As someone who's in the process of sorting out a set up for under £500 I can tell you it's definitely possible. I decided to go with a Sage DTP (~£300) and currently sorting out a s/h grinder for around £150. It's easy to get alot more for your money too, especially on this forum, you just have to have patience and a bit of luck as aforementioned.


----------



## Apatche64 (Jun 24, 2017)

Thanks guys, I'm considering both options, was set on a sage combo of dtp and smart grinder pro but a few bad reviews have put doubt in my mind.

think I want separate grinder because I have my aeropress at work. Was going to go for the barista express

don't want a massive grinder either


----------



## mcrmfc (Sep 17, 2016)

There are soooo many variables when making good consistent espresso...but think about the 2 biggies...

1. Grind quality

2. Temp stability

So if it was me I would spend 400 on a grinder and pick up a classic for 100 then add a PID.

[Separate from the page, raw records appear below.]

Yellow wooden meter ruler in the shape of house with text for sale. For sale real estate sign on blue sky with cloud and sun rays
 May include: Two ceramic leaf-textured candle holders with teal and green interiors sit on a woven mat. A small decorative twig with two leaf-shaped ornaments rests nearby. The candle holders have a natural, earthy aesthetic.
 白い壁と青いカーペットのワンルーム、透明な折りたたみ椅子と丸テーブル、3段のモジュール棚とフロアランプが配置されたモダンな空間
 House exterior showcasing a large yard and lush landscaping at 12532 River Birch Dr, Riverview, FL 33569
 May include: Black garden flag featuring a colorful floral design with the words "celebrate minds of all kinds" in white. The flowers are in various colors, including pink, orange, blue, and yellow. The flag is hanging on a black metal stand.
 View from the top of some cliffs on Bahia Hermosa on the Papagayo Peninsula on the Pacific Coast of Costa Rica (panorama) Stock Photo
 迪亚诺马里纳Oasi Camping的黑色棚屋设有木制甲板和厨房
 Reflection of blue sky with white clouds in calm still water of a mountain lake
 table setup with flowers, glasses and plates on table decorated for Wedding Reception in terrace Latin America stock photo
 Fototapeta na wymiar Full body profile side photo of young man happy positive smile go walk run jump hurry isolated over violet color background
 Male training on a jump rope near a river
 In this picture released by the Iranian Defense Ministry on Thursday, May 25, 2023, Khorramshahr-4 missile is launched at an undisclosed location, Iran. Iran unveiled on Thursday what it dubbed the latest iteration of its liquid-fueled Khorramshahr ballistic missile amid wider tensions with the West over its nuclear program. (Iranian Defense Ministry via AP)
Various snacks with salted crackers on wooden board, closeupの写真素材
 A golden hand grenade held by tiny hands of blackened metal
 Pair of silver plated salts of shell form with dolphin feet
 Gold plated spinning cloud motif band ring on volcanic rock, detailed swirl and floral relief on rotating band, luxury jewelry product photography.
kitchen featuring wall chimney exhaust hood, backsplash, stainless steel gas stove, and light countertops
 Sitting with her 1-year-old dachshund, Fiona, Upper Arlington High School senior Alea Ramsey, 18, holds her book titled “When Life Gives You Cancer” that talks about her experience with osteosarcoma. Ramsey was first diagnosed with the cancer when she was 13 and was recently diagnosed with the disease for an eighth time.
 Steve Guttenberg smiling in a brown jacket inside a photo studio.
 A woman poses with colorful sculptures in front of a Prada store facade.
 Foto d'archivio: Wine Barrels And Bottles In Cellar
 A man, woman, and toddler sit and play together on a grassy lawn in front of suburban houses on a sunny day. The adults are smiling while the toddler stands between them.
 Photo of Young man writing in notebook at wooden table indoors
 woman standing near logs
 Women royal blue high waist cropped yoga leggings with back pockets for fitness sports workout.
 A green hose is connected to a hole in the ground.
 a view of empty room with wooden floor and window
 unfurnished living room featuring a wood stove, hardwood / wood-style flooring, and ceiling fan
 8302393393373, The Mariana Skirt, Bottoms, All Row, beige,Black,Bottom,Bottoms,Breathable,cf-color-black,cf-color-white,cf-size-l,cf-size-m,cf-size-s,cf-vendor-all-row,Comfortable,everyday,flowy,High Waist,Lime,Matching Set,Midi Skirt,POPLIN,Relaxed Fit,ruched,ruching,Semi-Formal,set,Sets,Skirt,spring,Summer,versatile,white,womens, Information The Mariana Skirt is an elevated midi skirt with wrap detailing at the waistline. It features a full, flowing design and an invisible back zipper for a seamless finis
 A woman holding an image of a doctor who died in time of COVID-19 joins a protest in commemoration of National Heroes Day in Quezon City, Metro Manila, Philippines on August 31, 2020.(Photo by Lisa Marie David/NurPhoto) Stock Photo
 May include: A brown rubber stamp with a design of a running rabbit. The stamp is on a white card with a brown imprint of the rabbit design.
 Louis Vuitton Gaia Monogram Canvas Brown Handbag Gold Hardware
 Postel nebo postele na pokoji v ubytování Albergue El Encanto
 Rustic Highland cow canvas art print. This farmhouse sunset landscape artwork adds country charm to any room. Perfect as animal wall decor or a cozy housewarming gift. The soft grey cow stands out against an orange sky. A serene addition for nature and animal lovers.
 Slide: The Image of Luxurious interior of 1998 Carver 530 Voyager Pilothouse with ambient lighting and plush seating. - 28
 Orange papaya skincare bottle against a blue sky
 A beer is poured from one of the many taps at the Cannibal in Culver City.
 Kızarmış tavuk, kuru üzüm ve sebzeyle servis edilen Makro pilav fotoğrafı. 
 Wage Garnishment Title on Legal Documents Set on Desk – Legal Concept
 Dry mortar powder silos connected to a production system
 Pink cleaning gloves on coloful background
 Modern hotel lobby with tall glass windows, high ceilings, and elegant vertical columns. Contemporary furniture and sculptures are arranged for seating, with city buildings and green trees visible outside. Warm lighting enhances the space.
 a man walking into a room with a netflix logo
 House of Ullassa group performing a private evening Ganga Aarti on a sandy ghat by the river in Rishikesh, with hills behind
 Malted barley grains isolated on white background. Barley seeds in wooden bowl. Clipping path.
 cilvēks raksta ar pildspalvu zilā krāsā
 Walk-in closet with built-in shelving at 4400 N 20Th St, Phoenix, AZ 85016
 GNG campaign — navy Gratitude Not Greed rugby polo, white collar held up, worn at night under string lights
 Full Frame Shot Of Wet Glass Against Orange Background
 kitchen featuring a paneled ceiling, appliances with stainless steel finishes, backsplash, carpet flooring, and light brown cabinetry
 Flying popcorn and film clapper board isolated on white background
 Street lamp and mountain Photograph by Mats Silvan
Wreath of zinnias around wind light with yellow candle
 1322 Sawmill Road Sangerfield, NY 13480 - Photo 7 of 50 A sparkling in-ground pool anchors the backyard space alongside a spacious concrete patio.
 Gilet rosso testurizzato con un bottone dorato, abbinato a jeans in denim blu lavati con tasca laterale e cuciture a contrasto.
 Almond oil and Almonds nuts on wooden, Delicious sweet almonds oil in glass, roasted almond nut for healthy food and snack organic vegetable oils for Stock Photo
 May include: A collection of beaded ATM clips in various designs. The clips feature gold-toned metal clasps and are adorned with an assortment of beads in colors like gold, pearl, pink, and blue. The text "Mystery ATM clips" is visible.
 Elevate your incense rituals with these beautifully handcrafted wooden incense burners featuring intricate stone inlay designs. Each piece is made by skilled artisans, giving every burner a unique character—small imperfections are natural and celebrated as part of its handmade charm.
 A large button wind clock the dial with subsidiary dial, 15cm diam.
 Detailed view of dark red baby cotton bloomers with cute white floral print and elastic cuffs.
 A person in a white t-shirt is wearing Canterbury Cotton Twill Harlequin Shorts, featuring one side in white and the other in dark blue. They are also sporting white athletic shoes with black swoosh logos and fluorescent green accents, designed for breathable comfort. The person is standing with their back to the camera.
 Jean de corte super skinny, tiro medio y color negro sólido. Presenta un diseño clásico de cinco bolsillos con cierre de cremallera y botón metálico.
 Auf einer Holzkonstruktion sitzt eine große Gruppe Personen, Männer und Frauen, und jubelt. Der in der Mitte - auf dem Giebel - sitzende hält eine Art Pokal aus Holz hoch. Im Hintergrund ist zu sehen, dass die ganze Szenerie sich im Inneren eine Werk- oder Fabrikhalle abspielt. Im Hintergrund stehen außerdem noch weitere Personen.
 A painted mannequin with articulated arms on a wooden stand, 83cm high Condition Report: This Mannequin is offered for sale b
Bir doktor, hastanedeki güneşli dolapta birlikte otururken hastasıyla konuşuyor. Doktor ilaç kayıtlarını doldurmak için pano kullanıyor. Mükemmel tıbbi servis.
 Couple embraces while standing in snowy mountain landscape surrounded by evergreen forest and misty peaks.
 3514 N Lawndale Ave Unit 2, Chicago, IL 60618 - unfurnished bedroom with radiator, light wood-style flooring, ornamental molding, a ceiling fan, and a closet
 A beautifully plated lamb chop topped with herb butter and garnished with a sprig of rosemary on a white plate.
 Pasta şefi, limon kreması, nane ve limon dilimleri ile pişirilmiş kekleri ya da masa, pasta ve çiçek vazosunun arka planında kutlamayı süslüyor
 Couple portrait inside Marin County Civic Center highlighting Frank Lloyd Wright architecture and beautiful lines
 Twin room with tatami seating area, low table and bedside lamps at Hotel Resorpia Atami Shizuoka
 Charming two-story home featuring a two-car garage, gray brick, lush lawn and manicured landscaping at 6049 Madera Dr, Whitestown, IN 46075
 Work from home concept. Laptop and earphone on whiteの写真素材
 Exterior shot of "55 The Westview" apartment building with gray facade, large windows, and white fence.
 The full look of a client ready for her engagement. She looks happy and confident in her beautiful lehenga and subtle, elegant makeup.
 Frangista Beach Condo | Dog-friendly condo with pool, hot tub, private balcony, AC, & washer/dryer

But....the danger is knackered limescaled classics. So be a bit careful there and buy from a known source.


----------



## Apatche64 (Jun 24, 2017)

Ok, any recommendations on the grinder?


----------



## mcrmfc (Sep 17, 2016)

Second hand Mazzers with newish burrs, Fiorenzato F4 or second hand F64 the list is endless. Quick search on this forum will probably reveal many options for you.

Second hand more traditinal Grinders are quite bullet proof and new Burrs are readily available.

Are you just going to be grinding for espresso, if so a traditional pro Grinder is fine. But if you want to single dose and regularly change coffees that makes things a little trickier at this price point. Your domestic focused Grinders with lots of electronics will be more than good enough but with more chance of going wrong and with smaller burrs that mean you won't quite be getting the low temp, low static, consistent grind that pulls out the depth of flavour and consistency in the coffee.


----------



## DickL (Jan 16, 2017)

Hi I have a Dilonghi grinder for sale, it has had very little use as I have bought a Maratza encore, I live in Sussex so local if possible


----------



## Apatche64 (Jun 24, 2017)

Thanks guys,

ive already got a delonghi grinder, cheap £40 one


----------